Comme nous avons pu le vérifier lors d’un récent rassemblement à Paris, sous l’égide du CNLAPS, l’association des associations et acteurs de Prévention Spécialisée, les participants estiment que c’est en effet de la Protection de l’Enfance que la Prévention relève et devrait continuer de relever. Les propos de monsieur Kanner, ministre de la Ville, de la Jeunesse et des sports, et plus encore Mme Rissignol, ministre de la Famille, de l’Enfance et des Droits des Femmes, présents lors de cette rencontre, nous ont paru aller dans ce même sens.
Second aspect annoncé, le contexte social de notre action. Je me contenterai, songeant à nos responsabilités toutes particulières, d’évoquer les caractères les plus marquants de ce contexte :
-  Désaffection et méfiance croissante, et pas seulement chez les jeunes, vis-à-vis de l’institution politique, des valeurs républicaines et des acteurs politiques. Ceci, nous ne le savons que trop, nourrit la faveur accordée à une extrême-droite qui, face aux situations de détresse et, parfois, de déviance, prône la sanction et la répression, au détriment de la protection et de la solidarité.
-  Croissance des inégalités, entre hommes et femmes, riches et pauvres, mais aussi jeunes et adultes.
-  Développement d’un climat de défiance, sinon d’hostilité, à l’égard des porteurs – individus ou groupes – de « différences » économiques, culturelles, ethniques et religieuses. Ces différences, réelles ou fantasmées, équivalent trop souvent à autant de formes de stigmatisation.
-  Détérioration du climat d’hospitalité dont, naguère, notre pays pouvait s’enorgueillir. Il est vrai que le défi à relever est aujourd’hui plus grand que jamais, car au défi de l’asile politique « classique » s’ajoute celui, considérable, des migrations économiques. Or, les deux défis ne tendent-ils pas à n’en faire qu’un ?

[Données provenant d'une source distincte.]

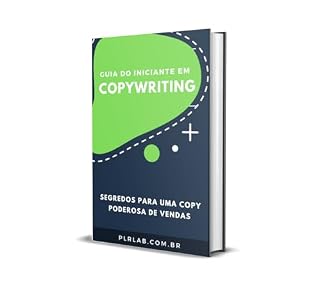Livro Guia do Iniciante em Copywriting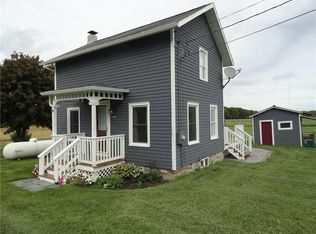 2101 Archer Rd, Clifton Springs, NY 14432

Dans un tel contexte, nous voulons croire, nous, membres de l’association et éducateurs, que les responsables politiques de tout bord, quel que soit l’espace institutionnel dans lequel ils œuvrent pour le bien public, sont convaincus de l’importance des responsabilités associatives dans l’animation de la vie commune, et persuadés qu’en exerçant ces responsabilités les associations ne revendiquent aucun pouvoir particulier mais aspirent avant tout à disposer des moyens indispensables pour mener à bien une mission dont nous savons tous qu’elle ne cessera pas de sitôt – sauf déficit démocratique catastrophique. Ces moyens, on l’aura compris, ne sont pas seulement ceux, financiers, destinés à assurer le financement des postes d’éducateurs et de secrétariat ; ce sont aussi des moyens institutionnels, et pas seulement organisationnels : notre action de Prévention Spécialisée doit être reconnue, toujours à nouveau, comme relevant d’une mission spécifique définie par la Loi.

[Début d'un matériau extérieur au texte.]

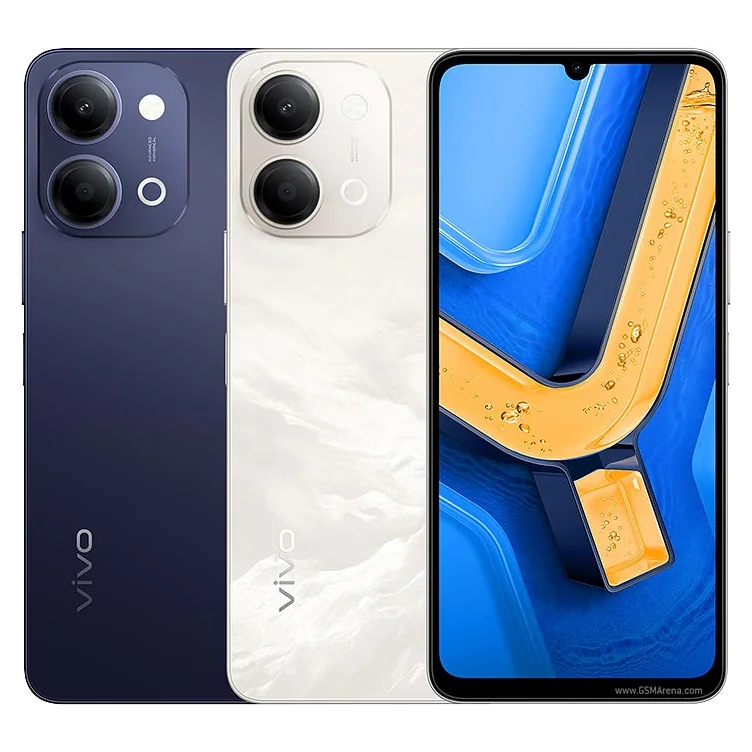 Vivo Y11d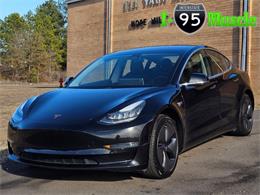 2018 Tesla Model 3 (CC-1804600) for sale in Hope Mills, North Carolina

Mais, comment ne pas évoquer encore la série tragique d’attentats que notre pays, avec d’autres, a connus ces derniers temps, des attentats dans lesquels volonté destructrice et passion sacrificielle se mêlent ? Nous avons partagé la même émotion que la plupart de nos citoyens et de nos responsables politiques, face à ces tragédies dont on peut craindre qu’elles ne cessent pas de sitôt, même si beaucoup est fait ou proposé pour en prévenir le retour. Je n’ajouterai rien aux nombreux essais parus et à paraître, qui cherchent à expliquer ces attentats ; notons simplement que leur nombre et la diversité des explications avancées ne facilitent pas le travail de définition concertée des actions à mener ; d’autant moins que, comme souvent, les médias imposent aux responsables politiques et associatifs, dans leurs déclarations publiques, un rythme ultra rapide et un style trop souvent guerrier, qui font que les solutions préconisées ressemblent à des ripostes à court terme, spectaculaires si possible. Les remèdes préconisés sont alors surtout symptomatologiques. Du coup, ils tendent à refouler la conscience du travail à long terme à entreprendre, toujours à nouveau, pour faire une place aux oubliés de la solidarité, aux plus jeunes avant tout.
Le travail à mener, à long terme, est celui qui incombe à la communauté éducative à laquelle nous nous savons appartenir, nous qui sommes fiers de porter dans notre nom, JEEP, la référence à l’éducation populaire – non à un véhicule tous terrains ; encore que … !. Ce travail à long terme implique que, persuadés de la valeur éminente de la solidarité, nous l’affirmions sans cesse, à la face de ceux qui en doutent ou même la nient, niant par la même une inspiration républicaine majeure ; il implique que nous réinventions sans cesse la solidarité, que nous soyons résolus à promouvoir ses formes les plus décisives, de nature coopérative. Le meilleur organigramme n’a aucun effet, si les acteurs ne sont pas associés à sa préparation et à sa mise en œuvre et si les premiers concernés, les « usagers », comme on dit (si mal) ne sont pas associés aux décisions les concernant ! L’esprit coopératif, nous en sommes persuadés, à la Jeep, c’est bien celui de l’éducation populaire ; c’est lui qu’on retrouve dans notre « utopie concrète » - je reprends ici une expression de Paul Ricœur - : celle du pouvoir d’agir en commun.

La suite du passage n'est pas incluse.